Enfin, Emmanuel Macron a appuyé sur la nécessité de laisser plus d'autonomie aux maires, notamment en matière d'innovation. Une revendication de longue date des élus locaux.

Cohérence et nécessité. Comme souvent, le président a joué sur la corde sensible de son auditoire, répétant à plusieurs reprises qu'il avait "besoin" des maires, louant leur "engagement". Comme toujours, il a défendu beaucoup de déclarations et d'initiatives controversées au nom des promesses faites pendant la campagne et d'une injonction de "vérité" à laquelle il se soumettrait. "J'ai pris des engagements, j'ai dit des choses. Il m'est arrivé de dire des choses qui ne plaisaient pas", a-t-il lancé. "Ce que je vais vous dire aujourd'hui n'a pas vocation à vous plaire systématiquement. Cela a vocation en tout cas à être appliqué."

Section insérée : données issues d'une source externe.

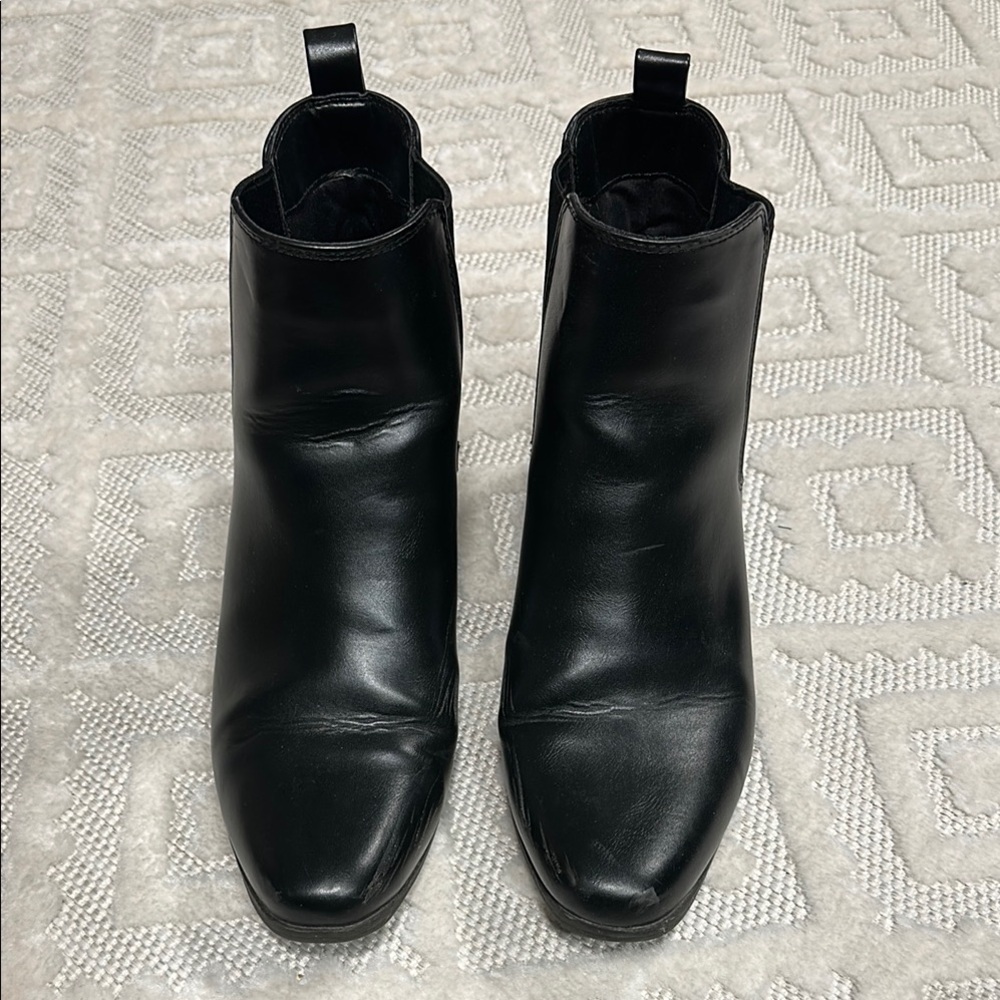 Black Leather Chelsea Ankle Booties with Elastic Panels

Comme un argumentaire macronien ne serait pas complet sans une opposition entre vieux et nouveau monde, le chef de l'État a conclu sur la "responsabilité du temps présent" partagée par l'exécutif et les élus locaux. "Nous ne reviendrons pas à avant 2010", a-t-il lancé. "Nous entrons dans une ère nouvelle". Une pique à l'immobilisme et une ode à l'action sont venues parachever le discours. "Nous ne sommes pas là pour faire plaisir en renonçant à faire." À en juger par la standing ovation qui a cueilli le président en lieu et place de la volée de cailloux que promettait l'AMF avant ce discours, la méthodologie fonctionne plutôt bien.